Over my morning coffee, I read an article in last week’s Economist about how women, minorities, and the elderly are all becoming heavier drinkers, to detrimental effects. In 2012-2013, the percentage of Americans with “Alcohol Use Disorder” was over 13%, 30 million people, up from 8.5% only nine years earlier. We Americans are literally drinking ourselves to death, and the problem is growing. And there are similar results all over the world, including Europe and Australia.

Alcohol is becoming more and more influential in our lives. I salute everyone out there who has struggled with this and is actively trying to break this influence. As well as, of course, the people who have already conquered it.

Writing this blog and knowing that people are reading it has helped keep me accountable and on track towards my “One Year No Alcohol Goal.” Thank you for helping me along.


Days 10 and 11, Alcohol! Day 12, No Alcohol

August 27, 2017

A couple days ago, I messed up. I had some friends coming over for dinner and we planned to go out on the town after. My first night out since I moved to D.C. I made a nice roast chicken with carrots and fennel and served the wine. At first, no issue. Then towards the end of dinner, I refilled a friend’s glass of wine and went ahead and served one to myself. I stupidly followed my impulse.

From there, I continued to drink over Friday night and into early Saturday morning (which is why I am counting two days with alcohol). I guess I felt that since I had broken my promise to myself that I might as well keep going. Nothing too excessive. I was still enough in my mind to make sure that I and everyone else got home safely, but I failed in my challenge. With nothing to show for it. I realized the next day I would have had just as good of a time if I were sipping water.  It was a fun time, but drinking did not contribute to that.

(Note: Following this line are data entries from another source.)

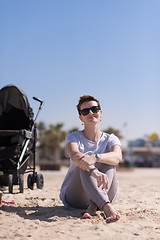 Image showing Young mother with sunglasses relaxing on beach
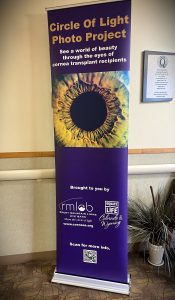 A banner for the Circle of Light Photo Project featuring a close-up image of an eye. It promotes awareness through cornea transplant recipients' photos. Contains logos and a QR code.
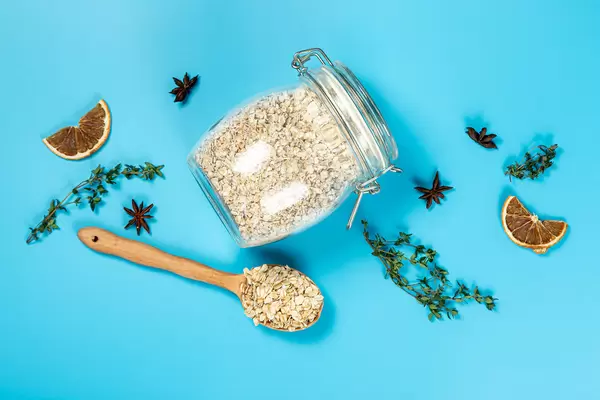 Top view of jar and wooden spoon with oatmeal on blue background with thyme, star anise, dried orange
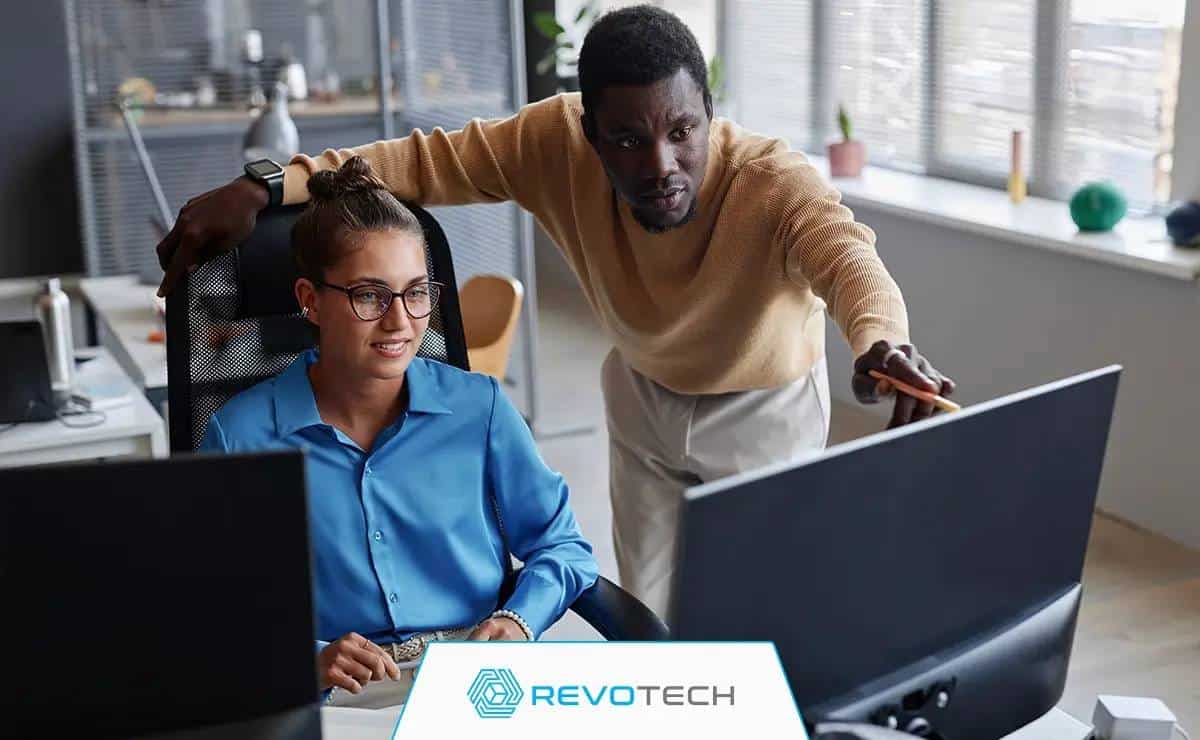 Two office colleagues at a desk looking at a computer monitor troubleshooting an IT issue.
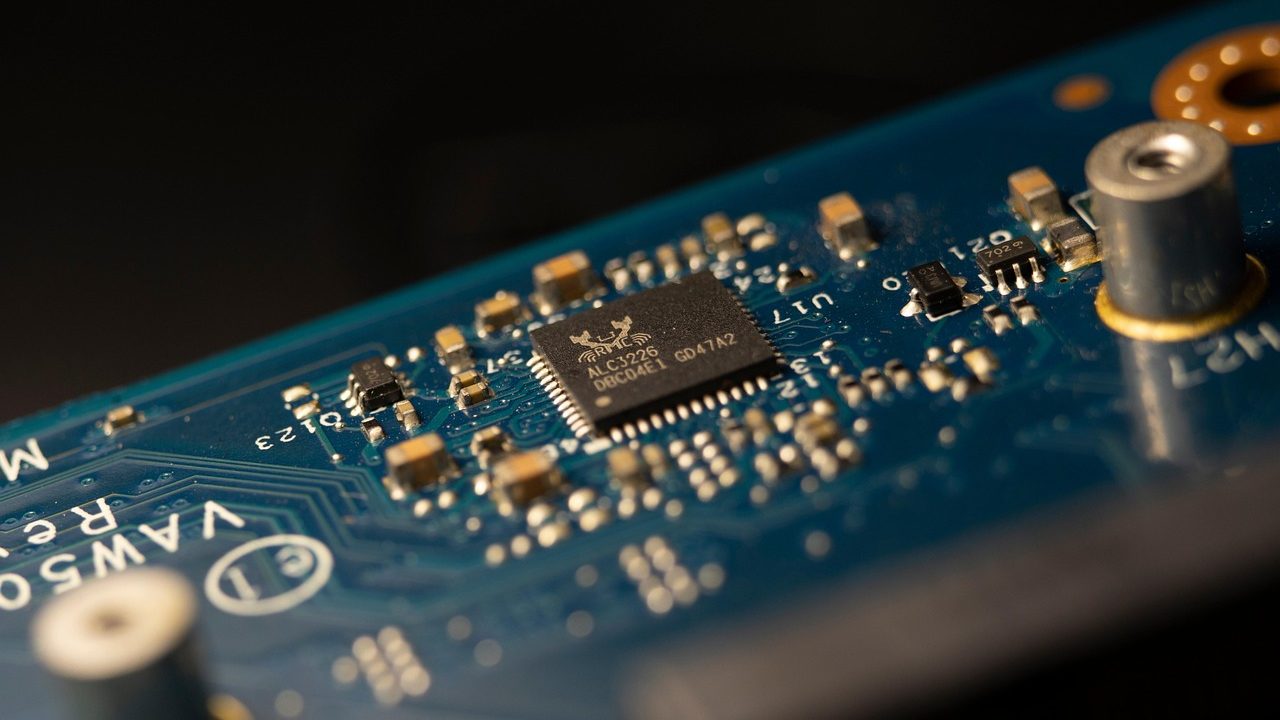 A close-up of a green circuit board covered in microchips and copper traces.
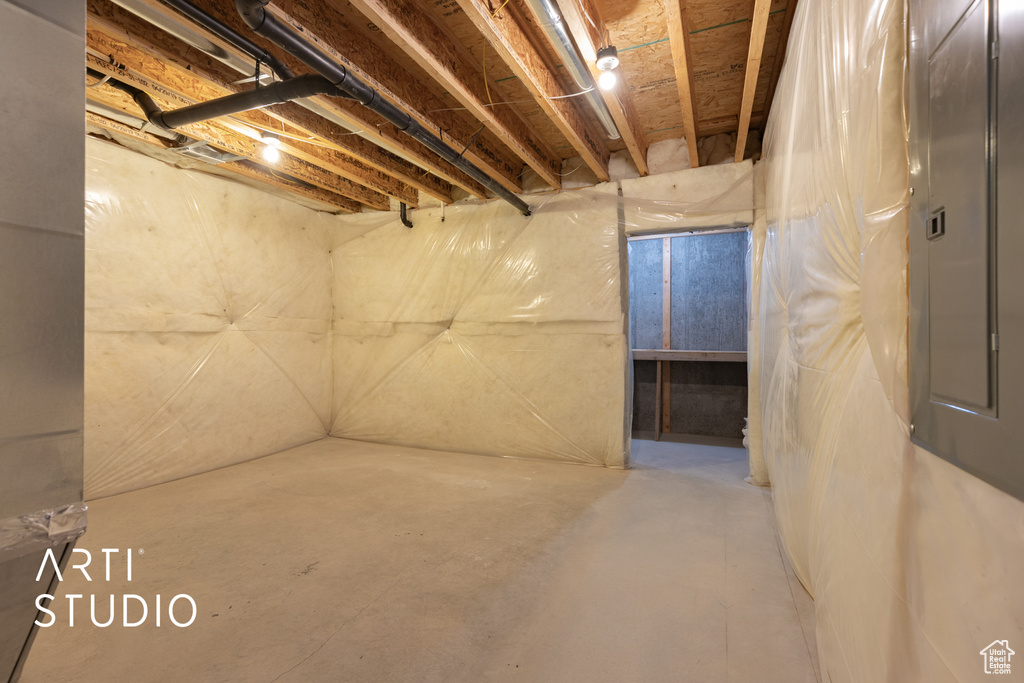 Unfinished basement featuring electric panel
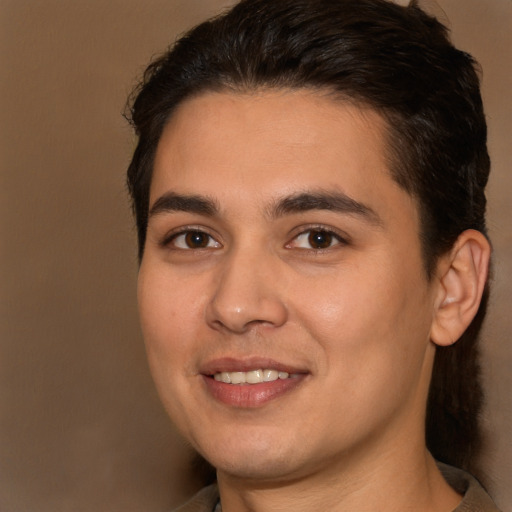 Joyful white young-adult male with medium  brown hair and brown eyes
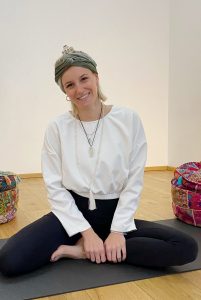 Kathi Wabnigg, sitzend und lächelnd auf einer schwarzen Yogamatte in der Yogaria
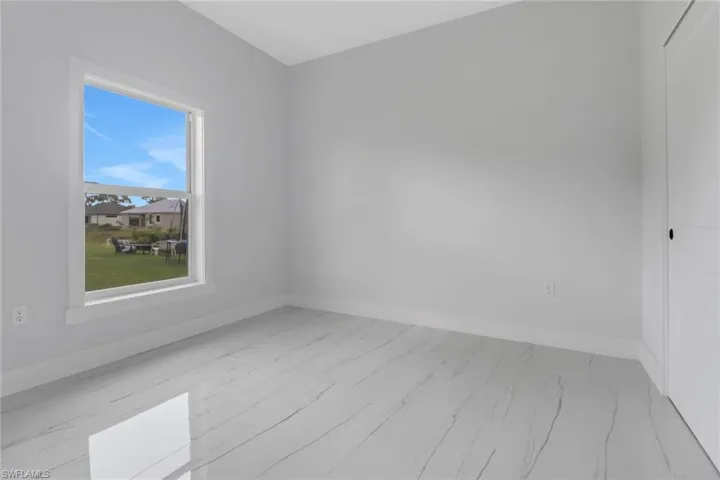 Empty room with light hardwood / wood-style flooring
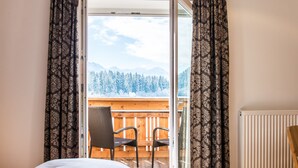 A bedroom with a bed, a window with curtains, a view of a snowy mountain landscape, and a balcony with chairs. - Hotel Antholzerhof (Rasun Anterselva)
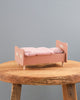 A small pink Wooden Bed for Teddy Mum - Rose with plaid bedding and handpainted details on it, labeled "Teddy" and decorated with white snowflakes, placed centrally on a rustic wooden table against a plain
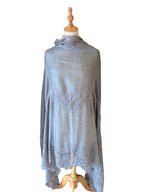 Noori Couture bronze Kashmiri wool shawl featuring delicate Valentino lace trim draped on a mannequin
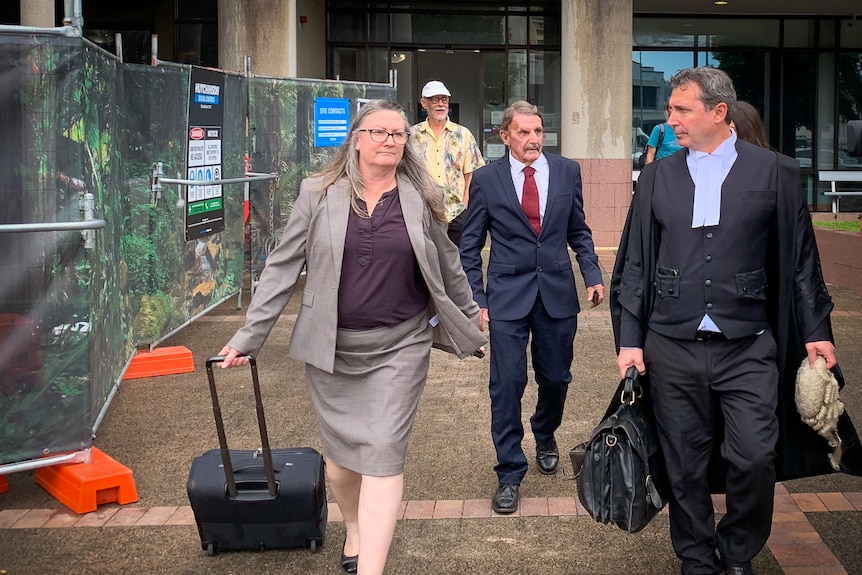 people leaving a courthouse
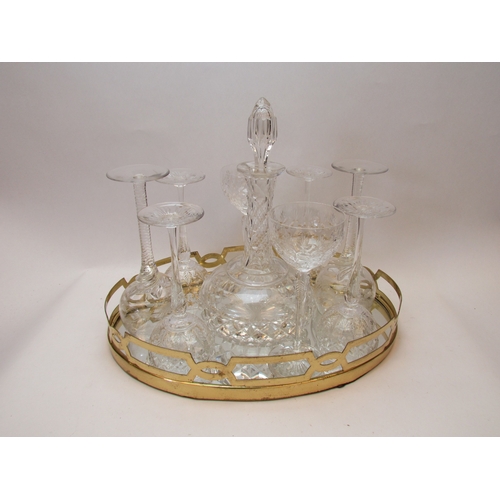 1151 - A mirrored tray with brass gallery, crystal glass decanter and eight crystal wine glasses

Drinking did contribute to my hangover the next day. I woke up feeling terrible, even though this had not been an especially excessive night according to my previous track record. I did not go on my morning run, I broke my diet, and the most productive thing I did all day was lay on the couch. Standing up made me feel nauseous. Sunday I was more productive but still felt off. Drinking ruined my entire weekend. Having broken my challenge, I felt ashamed and weak.

There was something good out of it, however. Since I had about ten days of complete sobriety before this weekend, I could discern how awful the alcohol made my body feel. I think that when I drank nearly every day I did not have this feeling, but it did not mean that the alcohol wasn’t damaging my body or making me feel bad. So I can take this slip-up as motivation to keep going with the challenge. With an extra nine days added on at the end, of course.

Now it’s Sunday, and I have never been so happy in my life to not be drinking! This weekend was a setback but this week I will regain my strength.